Ships of the Clement Sector 8 – Berlin Class Colonial Destroyer Review

I’ve always liked spacecraft identification manuals, ever since I’ve owned a copy of ‘Spacecraft 2000-2100AD’, the first of the TTA books. So when John Watts of Gypsy Knights Games sent me a copy of ‘Ships of the Clement Sector 8: Berlin Class Destroyer’ I eagerly looked forward to getting my teeth into reading it whilst on holiday.

Something to me that sets spacecraft identification books apart from each other is the descriptive background of a craft. Its history, how it came into being, how it performs and notable actions during service. The TTA books having this style always seemed to catch my imagination and I’ve returned to them over and over again for some years.
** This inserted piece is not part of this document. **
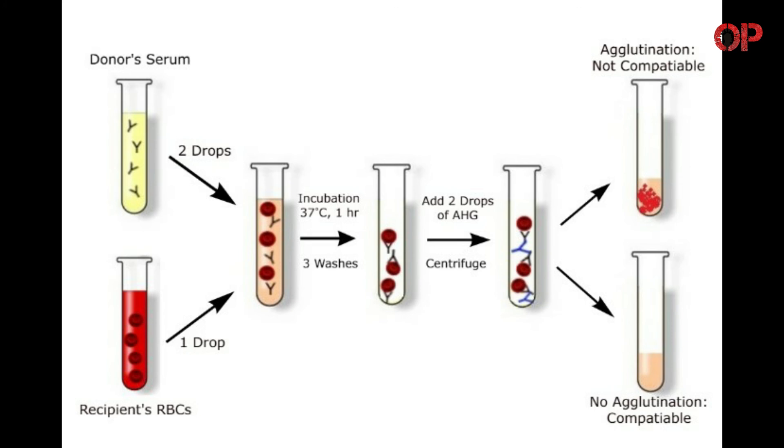Decant the serum completely and wash the cells three times in saline. Add two drops of anti-human globulin (AHG) and mix. Allow to stand at room temperature for 5 minutes. Centrifuge at 1500 RPM for 1 minute. Observe macroscopically and microscopically for agglutination. If macroscopic agglutination is not observed, transfer a small amount onto a glass slide and examine for microscopic agglutination. Rouleaux is not an indication of incompatibility.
This is why I’ve particularly enjoyed reading this, one of the latest ‘Ship…’ books by Gypsy Knights Games as it nicely balances these elements for me, along with the practical elements of deck plans and specifications. The book is 38 pages long including cover and obligatory open game license page. It is available from the fine Drivethru RPG store for a very reasonable $4.99 in PDF format.

The ship itself is a 1200dTon destroyer built and employed by the German Navy. A number these were in service in the Clement Sector at the time of the conduit collapse and have been integrated into the Hub Federation Navy.

Berlin Class Destroyer

The book is broken down into a main background story of the ship, specifications and deck plans, monochrome and colour illustrations of the ship (by Ian Stead) displaying various views (top, side, front) along with its service craft details. This content is interspersed with a running storyline or a mercenary units last, almost desperate job to capture one of these destroyers and the action taking place. This helps to present a page of adventure seeds and a mercenary NPC, backed up with colour graphics by Bradley Warnes. The destroyer itself looks like it could ‘do the job’, with a large number of hardpoints dotted around the hull and four particle beam weapons as its main armament. I did wonder at the number of marines the ship is supposed to carry, at around thirty. Would this be enough to be effective in the variety of actions the ship is supposed to support? Then again, I don’t have any point of reference to compare against, so I will bow to the writers guidance on this.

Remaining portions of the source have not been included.